START Data extracts
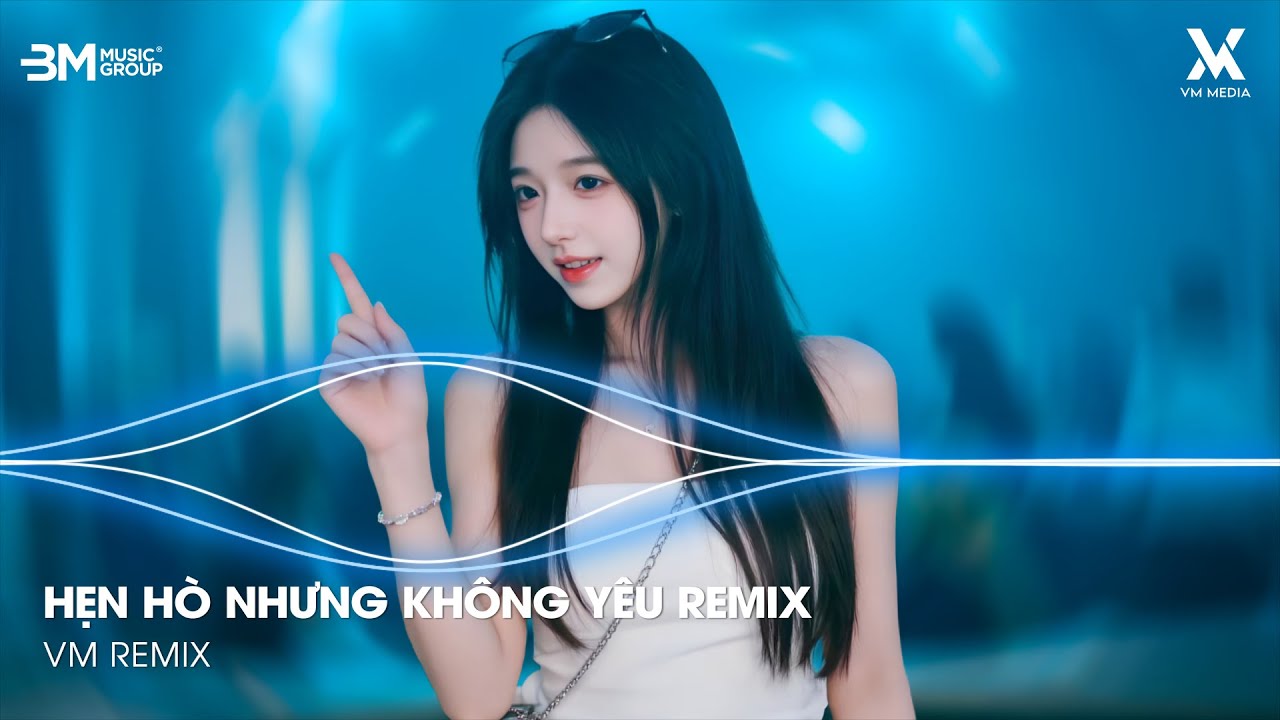 Hẹn Hò Nhưng Không Yêu Remix 🎼 Em Cố Trăm Lần Chẳng Bằng Ai Đó Một Phần Remix Hot TikTok 2026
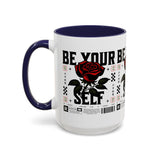 Be Your Self Rose Coffee Mug Bold Floral Motivational Design Ceramic Accent Mug Perfect for Morning Coffee Tea Hot Drinks Self Love Empowerment Gift for Friends Birthdays Cozy Moments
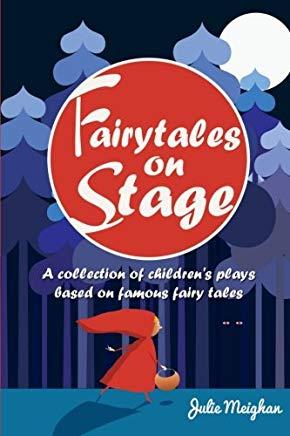Fairytales on Stage: A Collection of Children's Plays based on Famous Fairy tales
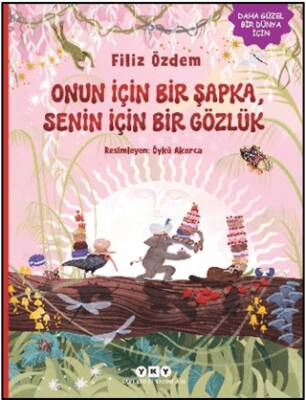Onun İçin Bir Şapka, Senin İçin Bir Gözlük - 1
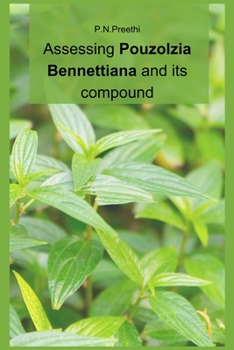 Paperback Assessing Pouzolzia Bennettiana and its compound Book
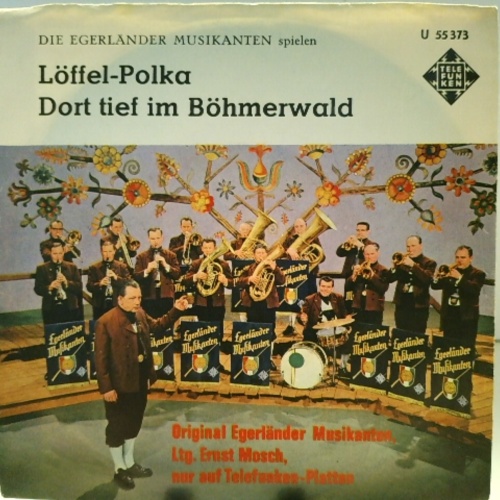 SINGLE / Die Egerländer Musikanten* – Löffel-Polka / Dort Tief Im Böhmerwald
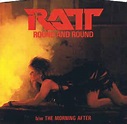Ratt - Round And Round (Vinyl, 7", 45 RPM, Single) | Discogs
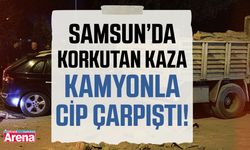 Samsun’da korkutan kaza! Kamyon ile cip çarpıştı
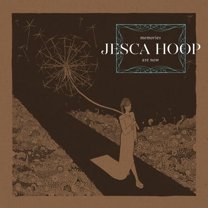 Jesca Hoop - Memories Are Now - Music & Performance - Vinyl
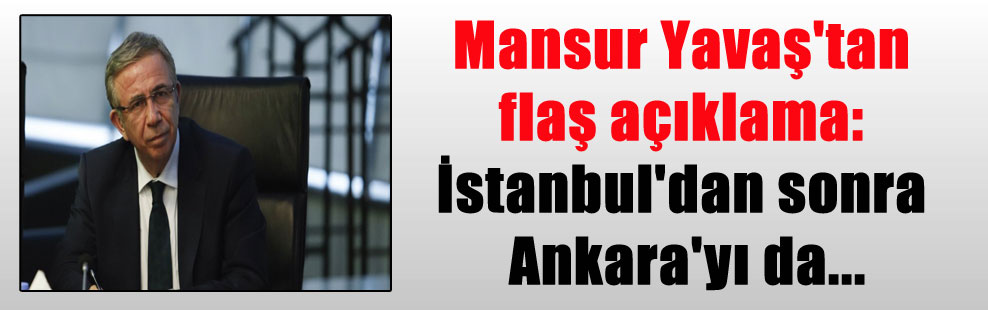 Mansur Yavaş’tan flaş açıklama: İstanbul’dan sonra Ankara’yı da…
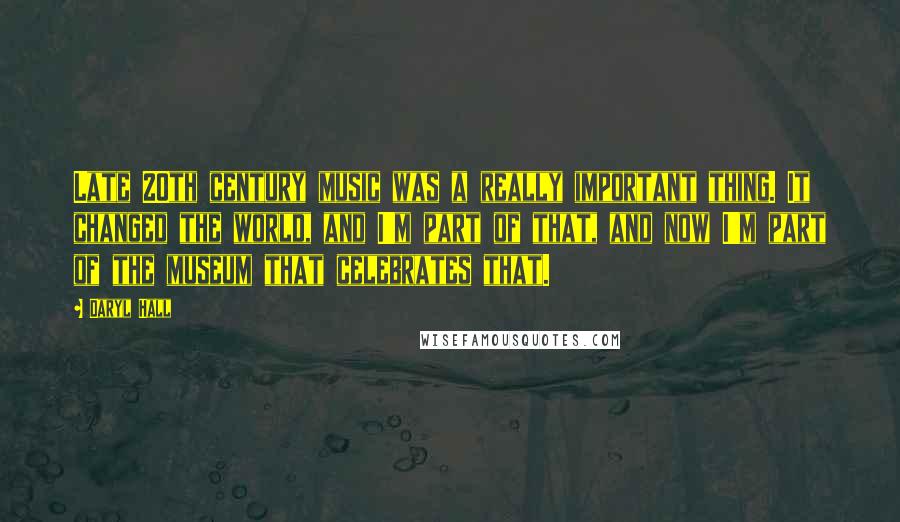 Daryl Hall Quotes: Late 20th century music was a really important thing. It changed the world, and I'm part of that, and now I'm part of the museum that celebrates that.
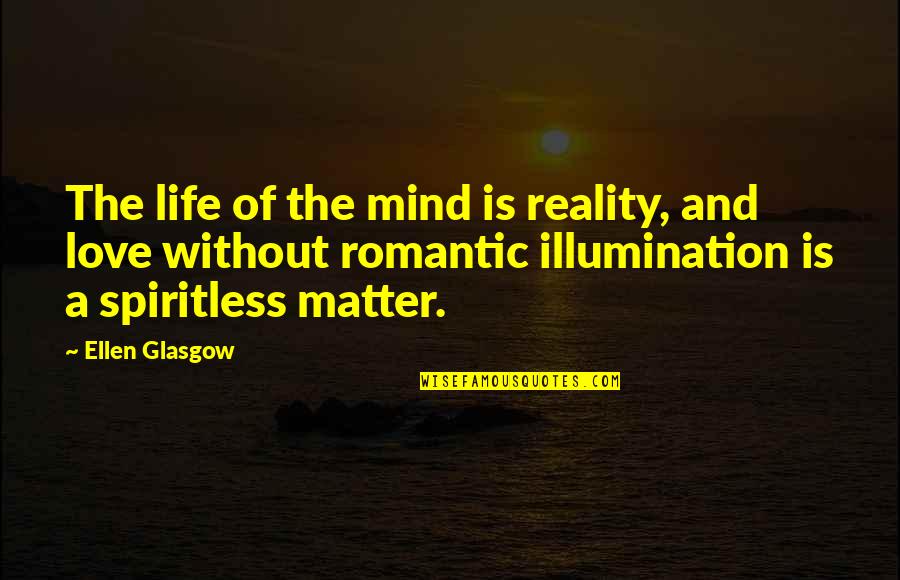 Reality And Love Quotes By Ellen Glasgow: The life of the mind is reality, and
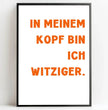 Lustige Sprüche, Dein Design: Gestalte Dein personalisiertes Poster! - posterfolio.de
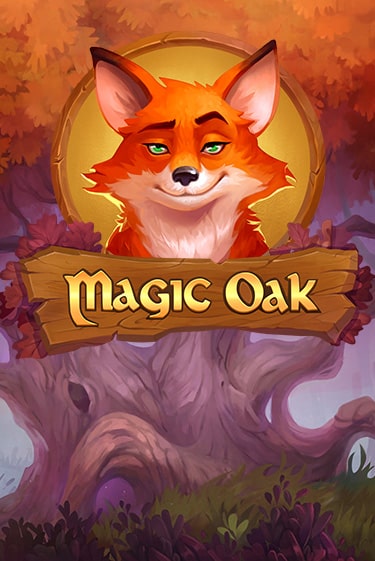 Magic Oak бесплатно играть онлайн на сайте Онлайн Казино Гранд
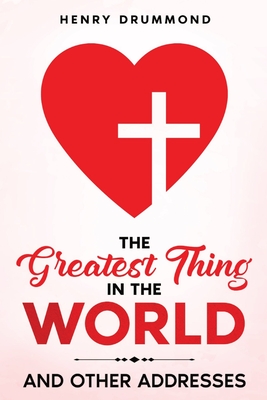 The Greatest Thing in the World: And Other Addresses - Henry Drummond
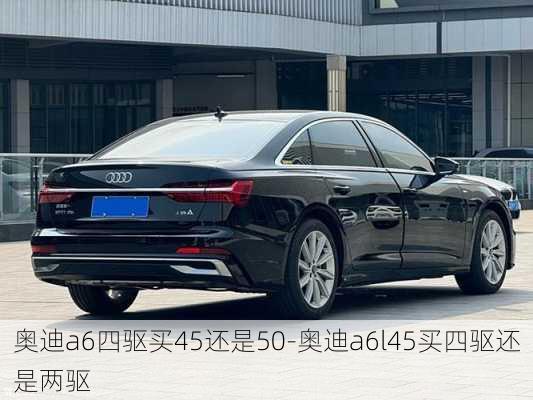 奧迪a6四驅(qū)買45還是50-奧迪a6l45買四驅(qū)還是兩驅(qū)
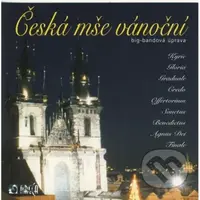 Jakub Jan Ryba:  Hej Mistře – Česká mše Vánoční - Jakub Jan Ryba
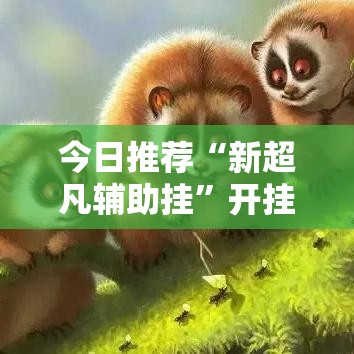 今日推荐“新超凡辅助挂”开挂步骤方法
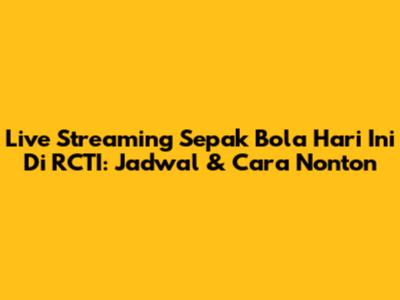 Live Streaming Sepak Bola Hari Ini Di RCTI: Jadwal & Cara Nonton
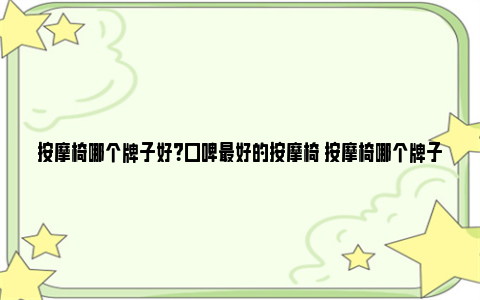 按摩椅哪个牌子好？口碑最好的按摩椅 按摩椅哪个牌子好性价比最高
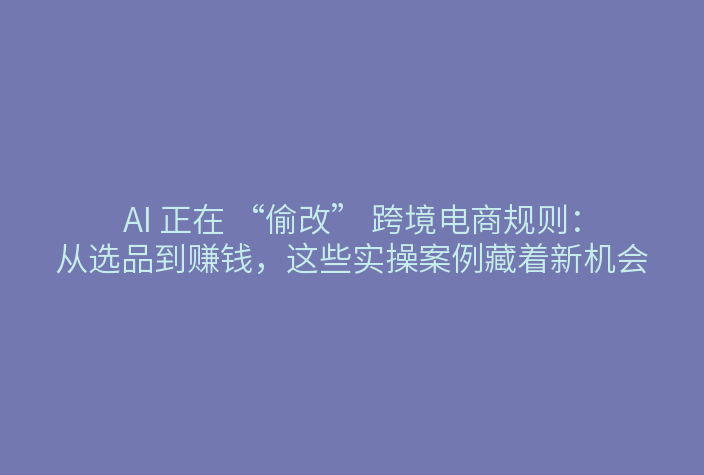 AI 正在 “偷改” 跨境电商规则：从选品到赚钱，这些实操案例藏着新机会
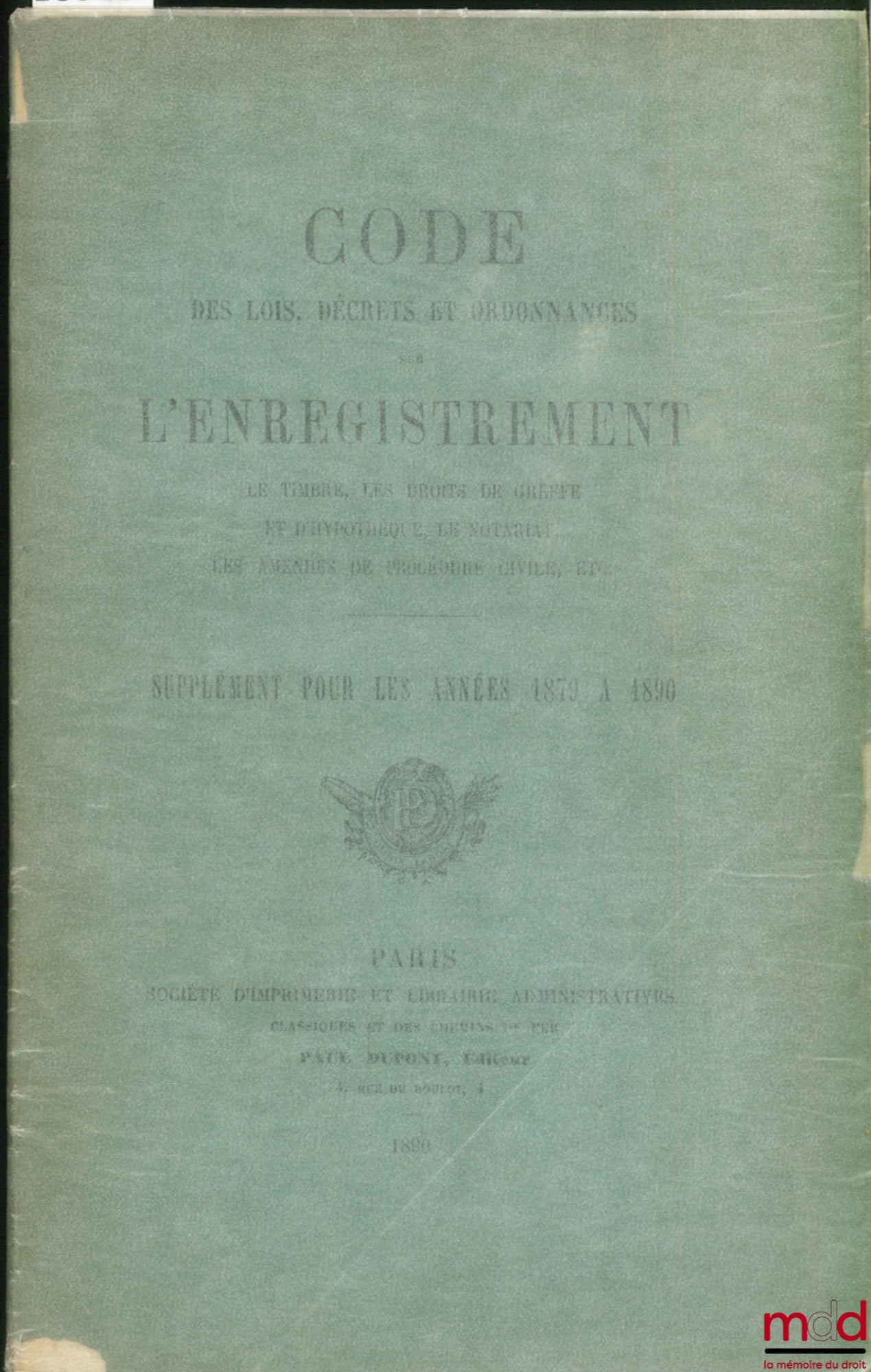 [Code] – CODE DES LOIS, DÉCRETS ET ORDONNANCES SUR L’ENREGISTREMENT, LE TIMBRE, LES DROITS DE GREFFE ET D’HYPOTHÈQUE, LE NOTARIAT, LES AMENDES DE PROCÉDURE CIVILE, ETC. SUPPLÉMENT POUR LES ANNÉE 1879 À 1890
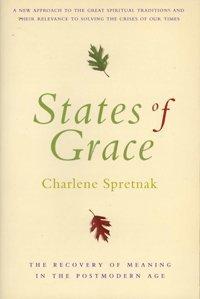 Book States of Grace: The Recovery of Meaning in the Postmodern Age free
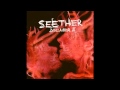 Seether - Your Bore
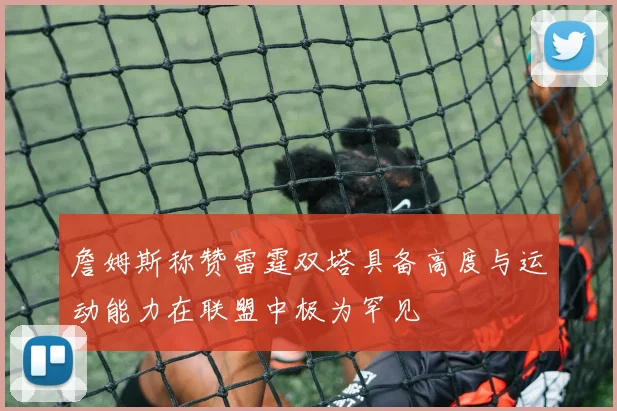 詹姆斯称赞雷霆双塔具备高度与运动能力在联盟中极为罕见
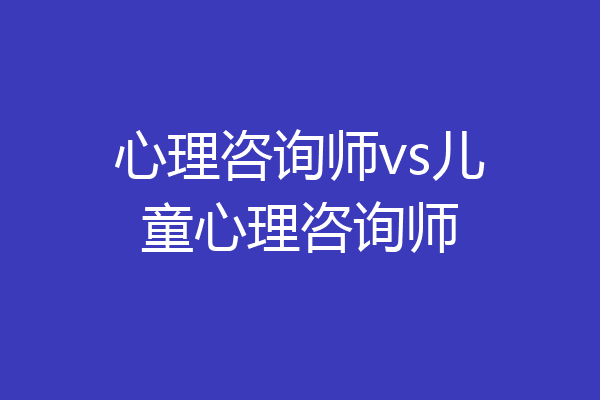 心理咨询师vs儿童心理咨询师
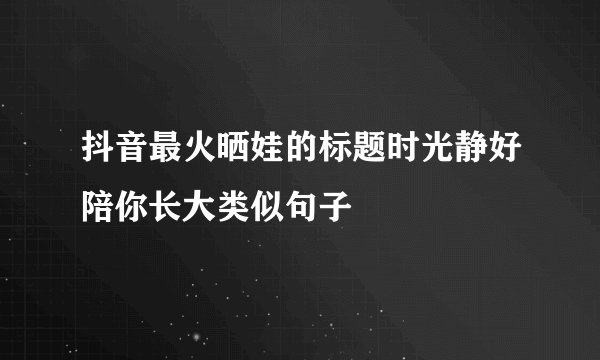 抖音最火晒娃的标题时光静好陪你长大类似句子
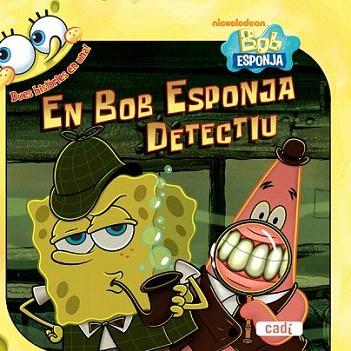 EN BOB ESPONJA DETECTIU | 9788447460915 | Llibres Parcir | Llibreria Parcir | Llibreria online de Manresa | Comprar llibres en català i castellà online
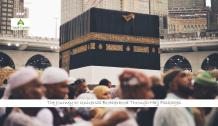  The Journey to Universal Brotherhood Through Hajj Packages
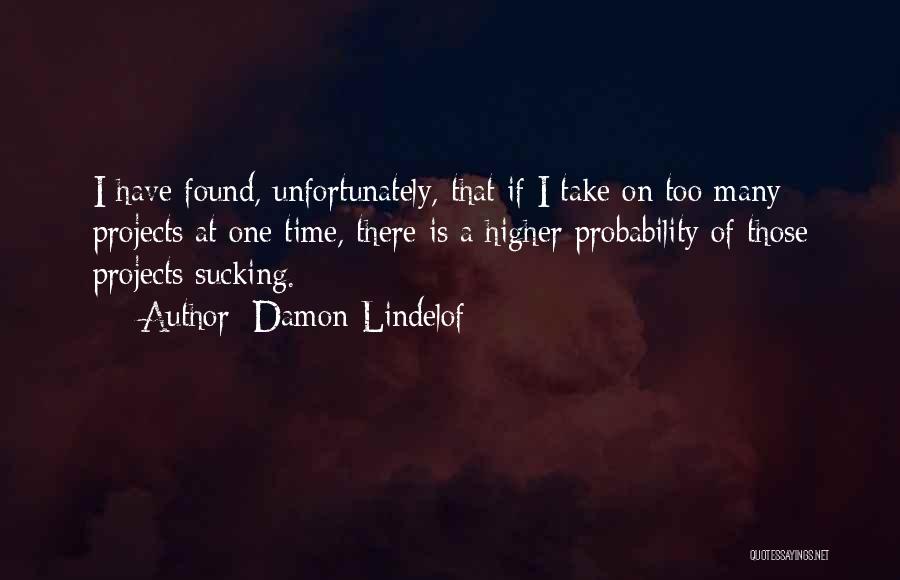 Damon Lindelof Quotes: I Have Found, Unfortunately, That If I Take On Too Many Projects At One Time, There Is A Higher Probability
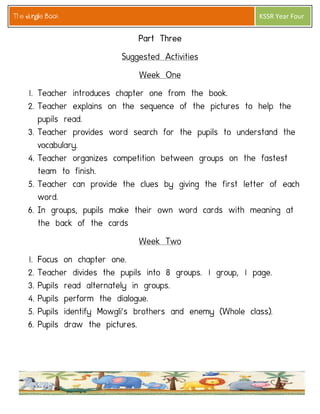 The Jungle Book 
KSSR Year Four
END Data extracts
# [Your task]
The answer consists of the lines from the one holding "Live Streaming Sepak" to the end of the records, inclusive, restated exactly and without pictures.

# [Result of the task]
 Live Streaming Sepak Bola Hari Ini Di RCTI: Jadwal & Cara Nonton
 按摩椅哪个牌子好？口碑最好的按摩椅 按摩椅哪个牌子好性价比最高
 AI 正在 “偷改” 跨境电商规则：从选品到赚钱，这些实操案例藏着新机会
 [Code] – CODE DES LOIS, DÉCRETS ET ORDONNANCES SUR L’ENREGISTREMENT, LE TIMBRE, LES DROITS DE GREFFE ET D’HYPOTHÈQUE, LE NOTARIAT, LES AMENDES DE PROCÉDURE CIVILE, ETC. SUPPLÉMENT POUR LES ANNÉE 1879 À 1890
 Book States of Grace: The Recovery of Meaning in the Postmodern Age free
 Seether - Your Bore
 詹姆斯称赞雷霆双塔具备高度与运动能力在联盟中极为罕见
 心理咨询师vs儿童心理咨询师
 抖音最火晒娃的标题时光静好陪你长大类似句子
 EN BOB ESPONJA DETECTIU | 9788447460915 | Llibres Parcir | Llibreria Parcir | Llibreria online de Manresa | Comprar llibres en català i castellà online
  The Journey to Universal Brotherhood Through Hajj Packages
 Damon Lindelof Quotes: I Have Found, Unfortunately, That If I Take On Too Many Projects At One Time, There Is A Higher Probability
 The Jungle Book 
KSSR Year Four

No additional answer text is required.